Another big benefit coming into place is that loan forgiveness may be available to borrowers in 10 years, rather than 20 or 25 years. Along with the shortened timeline, borrowers who wish to consolidate their student loans no longer have to worry about losing their progress towards loan forgiveness. Those who have had periods of deferment and forbearance will automatically be credited for loan forgiveness as of July 1st, 2024.

Key Takeaways

Key Takeaways

  • With the new SAVE Plan, formerly known as REPAYE, eligible borrowers can pay as little as $0 a month on their monthly federal student loan payments.
  • Instead of using your gross income, this program uses your discretionary income, which takes into account your family size, in order to calculate your minimum monthly payment. 
  • There’s also an interest benefit that prevents the balance of your student loans from growing due to unpaid interest.
  • Long term goals for the program consist of lowering loan forgiveness programs to be 10 years instead of 20 years and lowering payments from 10% to 5% of borrowers discretionary income. 
Key Takeaways

Frequently asked questions about the SAVE Plan

How can I apply?

If you were already participating in the REPAYE plan, then you should have been automatically enrolled in the SAVE plan. If you are just starting out with an Income-driven repayment plan, then head to the Federal Student Aid website in order to either fill out the online form. You will need your FSA ID login to start this process. 

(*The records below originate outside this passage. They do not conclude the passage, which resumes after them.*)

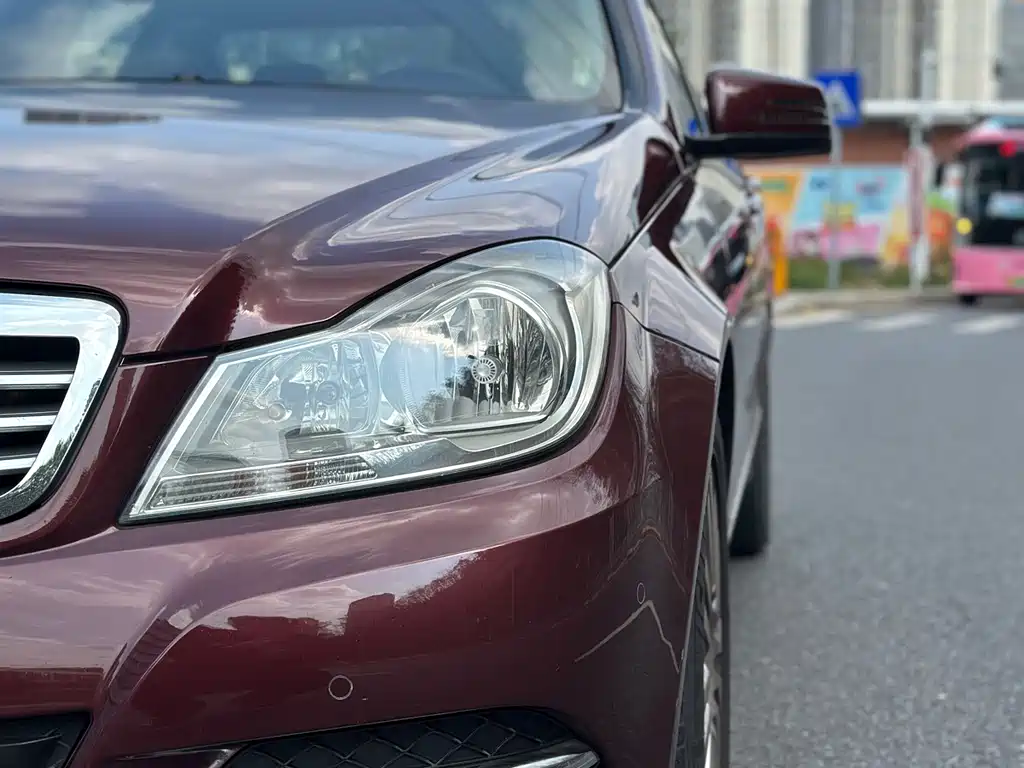Mercedes-Benz C-Class C 2011 C 200 CGI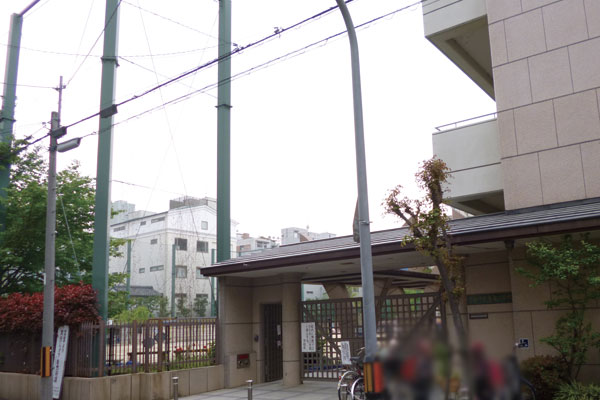 Surrounding environment. Municipal Takakura Elementary School (a 9-minute walk ・ About 670m)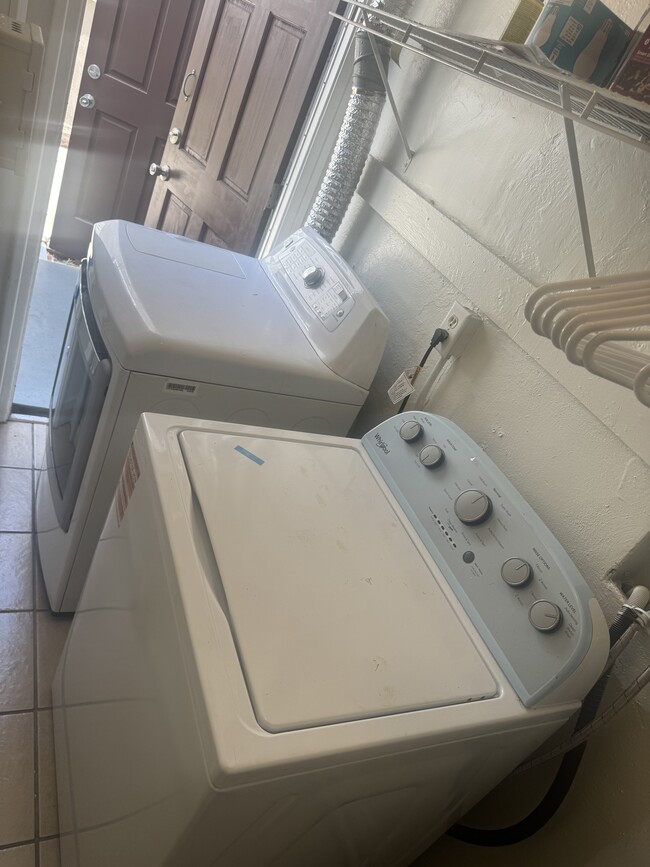 In Unit Washer and Dryer - 630 N Spaulding Ave Unit 632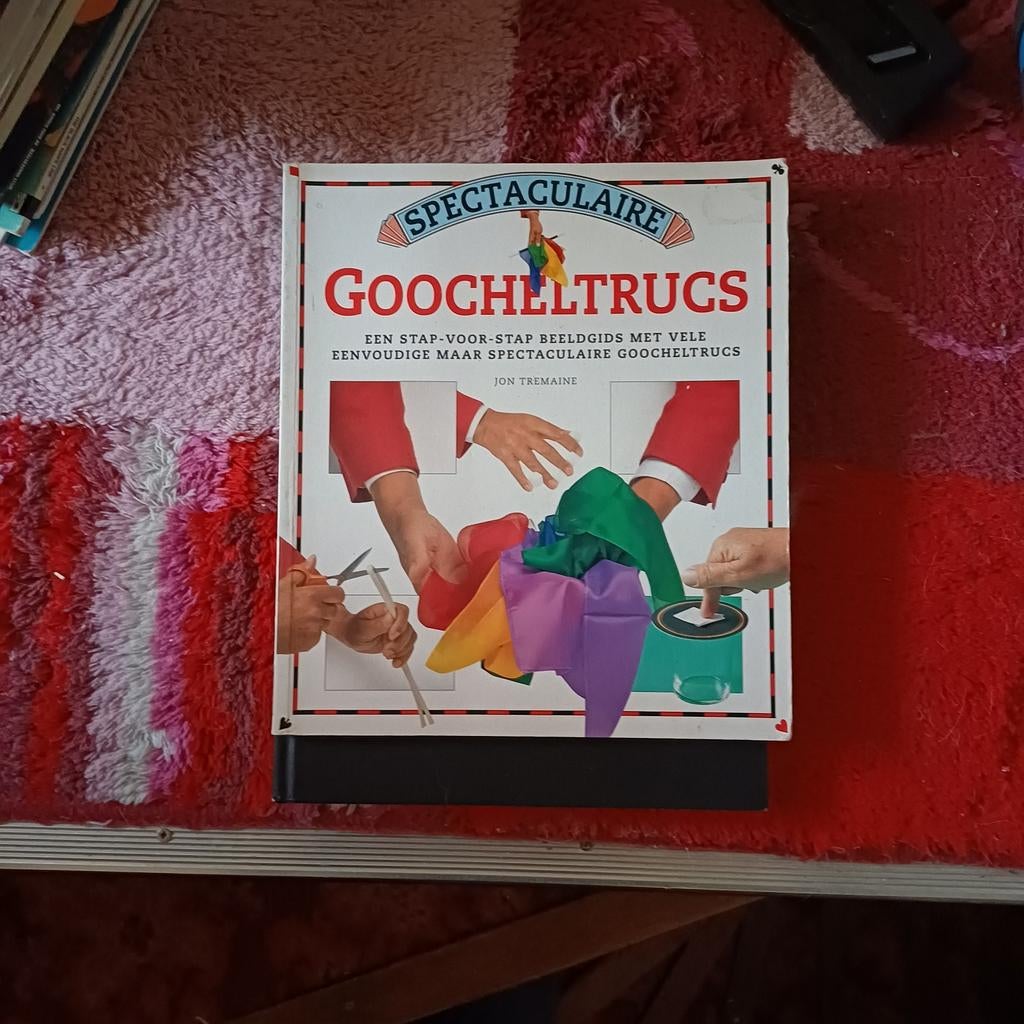 Spectaculaire Goocheltrucs boek, Boeken, Ophalen of Verzenden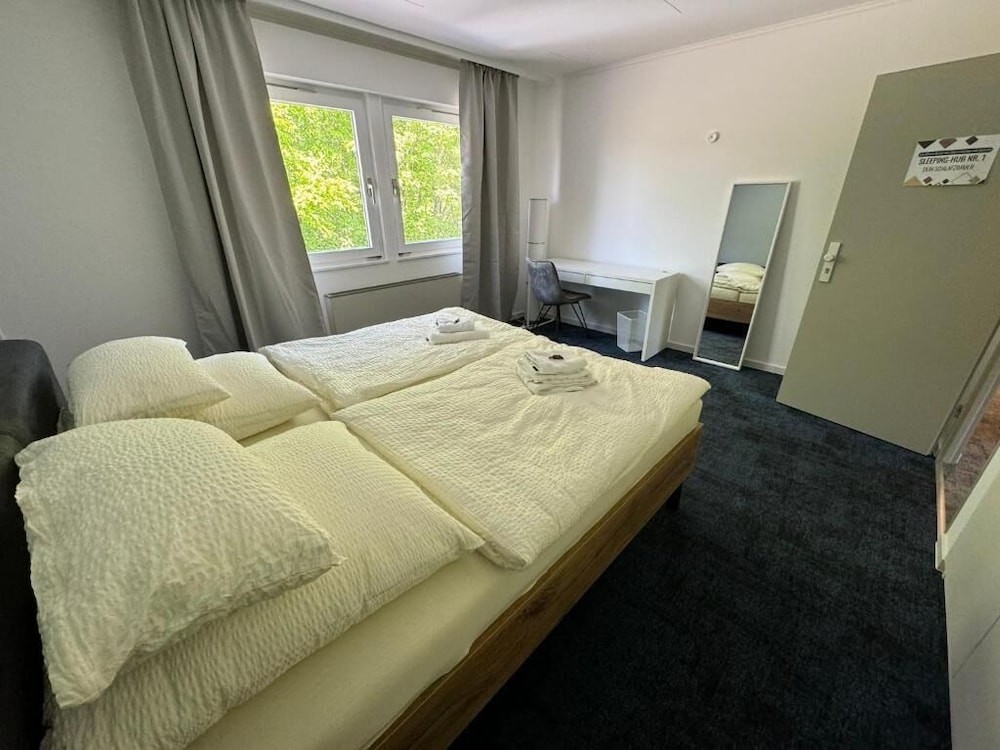 Standard Room, Non Smoking, Garden View photo 2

What are the main benefits of the SAVE plan?

One of the main benefits to the save plan include the ability to lower your monthly payment, even as low as $0 a month depending on your eligibility. This is because SAVE takes in account your discretionary income, instead of your total gross income. There’s also a benefit when it comes to your interest, if you’re not able to cover the interest of your monthly payment, your balance won’t grow because of unpaid interest.

Do parent PLUS loans qualify for the Save Program?

Parent PLUS loans are not eligible for the SAVE Plan. Parent PLUS loans do qualify for the Income-Contingent Repayment (ICR) plan, which requires borrowers to consolidate their Parent PLUS loans.

Does the SAVE Plan offer loan forgiveness?

Depending on how much was borrowed, borrowers may be eligible for forgiveness after only 10 years of monthly payments. For example, for loans of $12,000 or less, loan forgiveness will occur after making the equivalent of 10 years of payments. For every additional $1,000 borrowed, the repayment time will rise by one year to reach forgiveness. That means that if you borrow $13,000, you’ll realize loan forgiveness in 11 years (and so on using the same formula).